More than a third with locally-advanced disease don’t get treatment aimed at preventing tumor’s return
WEDNESDAY, Feb. 18, 2015 (HealthDay News) — Many American women with locally-advanced breast cancer do not receive recommended radiation therapy after mastectomy, according to a study published online Jan. 14 in the Journal of the American College of Surgeons.
Experts at the U.S. National Cancer Institute currently recommend that breast cancer patients who undergo mastectomy receive radiation therapy if their cancer has spread to four or more nearby lymph nodes. However, in the new study, which tracked 56,990 such breast cancer cases in the United States between 1998 and 2011, researchers found only 65 percent of patients received follow-up radiation therapy. The researchers “were quite startled by the finding,” lead author Quyen Chu, M.D., M.B.A., professor of surgery at the Louisiana State University Health Sciences Center in Shreveport, said in a news release from the American College of Surgeons.
Factors such as race/ethnicity, income and education level, health insurance, where patients lived or where they were treated, or the presence of other health problems did not influence whether these patients received radiation therapy. However, women who had received chemotherapy had more than five times the odds of getting radiation treatment compared to those who had not.

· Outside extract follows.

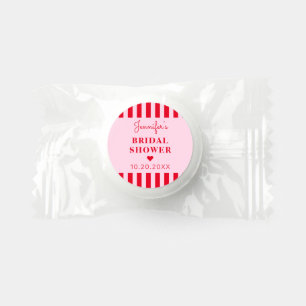 Retro Pink & Red Stripes Bridal Shower Life Saver® Mints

About 82 percent of the patients in the study received chemotherapy. Chu theorized that women who decided to skip chemotherapy might also be less willing to undergo radiation therapy. Still, the exact reasons why more than a third of patients forgo postoperative radiation remains unclear. “From this study, we could not tease out whether patients refuse treatment or there is a lack of awareness among women and physicians about the need for radiation therapy after mastectomy for locally-advanced breast cancer,” Chu said.